October 11, 2016 by Guest Author in Recap with 0 comments
This post comes from guest author Georgina Morrison, a student at the University of Surrey who currently plays for SYC.
After an exciting and unpredictable Saturday at the European Ultimate Championship Finals last weekend, the mud settled and results from the semis rolled in: the women’s final was to be a rematch between Italy’s CUSB Shout and Switzerland’s FABulous.
It was a surprising match-up to decide the continental title. Drawn into the same pool to start the tournament, Shout and FABulous first had to get by France’s YAKA — who had beaten both finalists at Regionals — and Moscow’s Brilliance, the EUCR-North champions, just to make the front-door bracket. In the semifinals, the Italians overcame a strong Iceni squad that had ended their season at the same stage of last year’s EUCF while the Swiss ladies took down a hot Troubles team from Poland that entered the bracket undefeated at the tournament so far. Still, with the sun out and the wind picking up on Sunday in Frankfurt, the rematch for the championship proved to be an incredible showcase for the women’s division.
“We actually know [Shout] pretty well because at least once a year we play them,” said Bern’s Anna Kämpfer. “We had the pleasure to play them at this tournament in our first game that we lost.”

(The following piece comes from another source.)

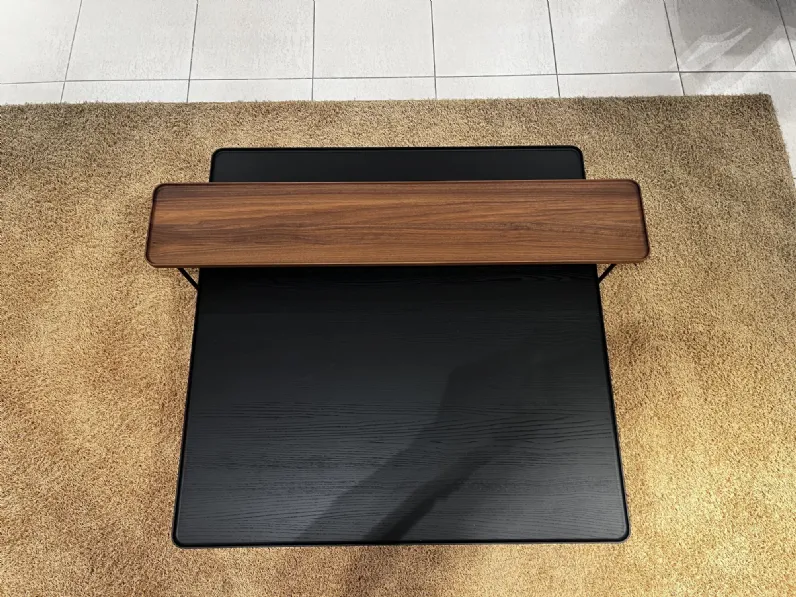 Prezzi ribassati per il tavolino design Torei di Cassina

That pool play loss and their overall familiarity with their foes allowed FAB to adjust their strategy heading into the final.
“They have a very strong zone,” reported Kämpfer. “Our only chance was to huck.”
In the early stages, the Swiss long game and athleticism proved too much for Shout. FABulous coach and captain Olivia Hauser’s deep shots were pin-point perfect, finding teammates who were ready to bring them down out of the air for a score. FABulous took an early 3-0 lead, having scored their first point in a mere 20 seconds and then followed it up with two breaks.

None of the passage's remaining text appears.